**RECORDS**.
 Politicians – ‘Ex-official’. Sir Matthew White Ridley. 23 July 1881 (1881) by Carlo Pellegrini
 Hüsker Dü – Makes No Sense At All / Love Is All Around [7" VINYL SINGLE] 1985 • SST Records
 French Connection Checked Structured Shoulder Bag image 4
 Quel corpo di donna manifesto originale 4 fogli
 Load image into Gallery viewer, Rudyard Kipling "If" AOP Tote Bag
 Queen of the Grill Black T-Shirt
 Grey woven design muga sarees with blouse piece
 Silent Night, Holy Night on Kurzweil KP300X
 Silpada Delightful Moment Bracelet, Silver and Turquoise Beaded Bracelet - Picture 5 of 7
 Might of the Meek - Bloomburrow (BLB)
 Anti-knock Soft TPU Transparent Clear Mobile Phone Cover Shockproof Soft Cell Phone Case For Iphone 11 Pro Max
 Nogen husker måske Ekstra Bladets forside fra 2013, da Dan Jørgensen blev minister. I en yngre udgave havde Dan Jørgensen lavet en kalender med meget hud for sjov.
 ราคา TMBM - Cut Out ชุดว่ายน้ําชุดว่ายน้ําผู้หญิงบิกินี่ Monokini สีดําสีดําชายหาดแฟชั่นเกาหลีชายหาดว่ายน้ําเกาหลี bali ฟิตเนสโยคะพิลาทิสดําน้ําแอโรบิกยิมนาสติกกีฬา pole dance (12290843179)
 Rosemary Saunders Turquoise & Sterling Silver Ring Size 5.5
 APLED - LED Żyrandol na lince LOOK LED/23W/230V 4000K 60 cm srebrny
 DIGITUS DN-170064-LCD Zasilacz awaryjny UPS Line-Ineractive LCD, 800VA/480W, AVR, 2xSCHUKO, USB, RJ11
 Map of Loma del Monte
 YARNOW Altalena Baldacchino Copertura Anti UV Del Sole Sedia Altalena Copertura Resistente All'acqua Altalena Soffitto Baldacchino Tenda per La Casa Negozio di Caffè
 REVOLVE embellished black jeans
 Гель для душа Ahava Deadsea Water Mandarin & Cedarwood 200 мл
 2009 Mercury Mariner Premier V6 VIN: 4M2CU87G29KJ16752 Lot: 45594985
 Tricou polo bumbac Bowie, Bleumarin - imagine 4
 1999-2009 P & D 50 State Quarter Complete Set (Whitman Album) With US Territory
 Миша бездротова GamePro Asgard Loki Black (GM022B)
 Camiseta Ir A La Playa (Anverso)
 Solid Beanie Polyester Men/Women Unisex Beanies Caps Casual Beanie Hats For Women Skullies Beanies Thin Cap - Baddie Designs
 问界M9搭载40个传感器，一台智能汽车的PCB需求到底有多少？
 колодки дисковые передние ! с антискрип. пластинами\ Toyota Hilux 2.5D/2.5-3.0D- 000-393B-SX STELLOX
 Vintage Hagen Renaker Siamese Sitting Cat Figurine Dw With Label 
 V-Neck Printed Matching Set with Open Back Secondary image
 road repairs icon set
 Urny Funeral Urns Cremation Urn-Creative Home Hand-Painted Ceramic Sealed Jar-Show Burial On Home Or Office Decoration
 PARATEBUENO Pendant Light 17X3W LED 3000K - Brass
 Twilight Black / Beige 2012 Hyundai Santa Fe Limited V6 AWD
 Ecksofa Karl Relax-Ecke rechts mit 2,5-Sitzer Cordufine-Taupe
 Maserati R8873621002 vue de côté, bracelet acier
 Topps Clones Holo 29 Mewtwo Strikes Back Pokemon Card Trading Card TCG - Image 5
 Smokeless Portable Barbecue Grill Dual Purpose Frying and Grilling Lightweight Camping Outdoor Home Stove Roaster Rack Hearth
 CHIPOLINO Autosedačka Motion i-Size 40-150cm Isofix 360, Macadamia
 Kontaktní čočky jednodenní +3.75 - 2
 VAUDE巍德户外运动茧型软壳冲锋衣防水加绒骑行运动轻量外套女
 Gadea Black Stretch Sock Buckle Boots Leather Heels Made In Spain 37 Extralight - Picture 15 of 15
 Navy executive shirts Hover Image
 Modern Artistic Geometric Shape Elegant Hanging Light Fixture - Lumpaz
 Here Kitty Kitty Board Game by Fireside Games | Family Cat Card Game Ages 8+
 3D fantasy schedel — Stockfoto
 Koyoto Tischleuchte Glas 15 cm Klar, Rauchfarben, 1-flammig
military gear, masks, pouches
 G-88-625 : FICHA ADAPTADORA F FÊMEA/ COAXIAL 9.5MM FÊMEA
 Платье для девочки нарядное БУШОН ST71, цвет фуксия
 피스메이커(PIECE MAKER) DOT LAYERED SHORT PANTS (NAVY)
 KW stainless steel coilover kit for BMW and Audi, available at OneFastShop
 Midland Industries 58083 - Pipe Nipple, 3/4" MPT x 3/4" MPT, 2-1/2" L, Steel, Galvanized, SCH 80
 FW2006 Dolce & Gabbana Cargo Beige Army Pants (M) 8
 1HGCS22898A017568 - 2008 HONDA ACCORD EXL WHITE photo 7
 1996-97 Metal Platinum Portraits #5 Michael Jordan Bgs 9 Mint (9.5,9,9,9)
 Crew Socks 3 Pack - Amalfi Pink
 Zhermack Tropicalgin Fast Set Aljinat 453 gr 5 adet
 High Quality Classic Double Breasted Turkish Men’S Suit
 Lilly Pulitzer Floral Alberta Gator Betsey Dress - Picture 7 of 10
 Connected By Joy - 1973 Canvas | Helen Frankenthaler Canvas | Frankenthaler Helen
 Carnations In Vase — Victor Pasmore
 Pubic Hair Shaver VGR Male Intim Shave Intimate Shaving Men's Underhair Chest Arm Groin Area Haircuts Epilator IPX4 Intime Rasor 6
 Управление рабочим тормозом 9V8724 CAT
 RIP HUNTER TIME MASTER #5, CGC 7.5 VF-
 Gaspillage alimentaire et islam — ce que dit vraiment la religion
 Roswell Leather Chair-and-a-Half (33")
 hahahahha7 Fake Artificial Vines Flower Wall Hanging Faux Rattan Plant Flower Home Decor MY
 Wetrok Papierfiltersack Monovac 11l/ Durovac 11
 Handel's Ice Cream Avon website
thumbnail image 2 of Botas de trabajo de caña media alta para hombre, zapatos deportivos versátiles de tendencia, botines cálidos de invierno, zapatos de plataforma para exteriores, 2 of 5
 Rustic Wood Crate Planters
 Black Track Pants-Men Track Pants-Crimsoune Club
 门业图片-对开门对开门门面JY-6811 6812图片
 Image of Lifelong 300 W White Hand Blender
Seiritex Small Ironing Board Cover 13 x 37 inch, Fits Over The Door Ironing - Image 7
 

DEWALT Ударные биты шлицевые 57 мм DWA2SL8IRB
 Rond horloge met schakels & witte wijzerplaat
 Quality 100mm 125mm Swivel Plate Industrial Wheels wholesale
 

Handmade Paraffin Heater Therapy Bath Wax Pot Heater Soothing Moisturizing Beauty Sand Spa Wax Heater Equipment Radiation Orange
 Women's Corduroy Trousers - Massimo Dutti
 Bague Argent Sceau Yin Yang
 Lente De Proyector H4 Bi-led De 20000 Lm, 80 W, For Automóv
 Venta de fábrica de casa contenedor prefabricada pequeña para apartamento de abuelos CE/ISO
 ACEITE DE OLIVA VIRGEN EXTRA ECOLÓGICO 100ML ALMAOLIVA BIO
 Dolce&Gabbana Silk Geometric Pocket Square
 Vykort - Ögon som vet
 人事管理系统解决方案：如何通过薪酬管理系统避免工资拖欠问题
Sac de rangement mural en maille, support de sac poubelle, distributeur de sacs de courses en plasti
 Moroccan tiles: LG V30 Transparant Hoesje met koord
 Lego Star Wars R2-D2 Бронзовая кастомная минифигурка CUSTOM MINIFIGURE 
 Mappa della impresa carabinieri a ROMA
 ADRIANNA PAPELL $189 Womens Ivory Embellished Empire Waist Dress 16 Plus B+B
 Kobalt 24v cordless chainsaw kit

**TRY IT**.
Restate the listing exactly, starting at its first line and ending at the line where "French Connection Checked" occurs; include both and no other lines.

**ANSWER BELOW**.
 Politicians – ‘Ex-official’. Sir Matthew White Ridley. 23 July 1881 (1881) by Carlo Pellegrini
 Hüsker Dü – Makes No Sense At All / Love Is All Around [7" VINYL SINGLE] 1985 • SST Records
 French Connection Checked Structured Shoulder Bag image 4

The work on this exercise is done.